- WHAT YOU HAVE TO DO
Each entry below is to be printed verbatim.
BEGIN SUPPLIED MATERIAL
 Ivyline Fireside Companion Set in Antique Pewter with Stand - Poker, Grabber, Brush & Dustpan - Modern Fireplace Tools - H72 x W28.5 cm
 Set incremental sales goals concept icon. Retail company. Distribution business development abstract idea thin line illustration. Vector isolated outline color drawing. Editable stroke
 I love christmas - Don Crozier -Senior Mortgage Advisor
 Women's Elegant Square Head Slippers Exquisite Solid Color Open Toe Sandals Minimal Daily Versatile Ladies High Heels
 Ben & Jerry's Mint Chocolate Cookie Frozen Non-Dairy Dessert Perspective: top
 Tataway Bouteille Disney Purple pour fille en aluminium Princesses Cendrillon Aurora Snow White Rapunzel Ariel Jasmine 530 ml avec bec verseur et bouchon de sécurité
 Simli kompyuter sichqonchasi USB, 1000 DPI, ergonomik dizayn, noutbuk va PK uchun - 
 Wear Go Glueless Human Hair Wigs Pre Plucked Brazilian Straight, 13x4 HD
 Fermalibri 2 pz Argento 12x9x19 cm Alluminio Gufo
END SUPPLIED MATERIAL
- THE ANSWER
 Ivyline Fireside Companion Set in Antique Pewter with Stand - Poker, Grabber, Brush & Dustpan - Modern Fireplace Tools - H72 x W28.5 cm
 Set incremental sales goals concept icon. Retail company. Distribution business development abstract idea thin line illustration. Vector isolated outline color drawing. Editable stroke
 I love christmas - Don Crozier -Senior Mortgage Advisor
 Women's Elegant Square Head Slippers Exquisite Solid Color Open Toe Sandals Minimal Daily Versatile Ladies High Heels
 Ben & Jerry's Mint Chocolate Cookie Frozen Non-Dairy Dessert Perspective: top
 Tataway Bouteille Disney Purple pour fille en aluminium Princesses Cendrillon Aurora Snow White Rapunzel Ariel Jasmine 530 ml avec bec verseur et bouchon de sécurité
 Simli kompyuter sichqonchasi USB, 1000 DPI, ergonomik dizayn, noutbuk va PK uchun - 
 Wear Go Glueless Human Hair Wigs Pre Plucked Brazilian Straight, 13x4 HD
 Fermalibri 2 pz Argento 12x9x19 cm Alluminio Gufo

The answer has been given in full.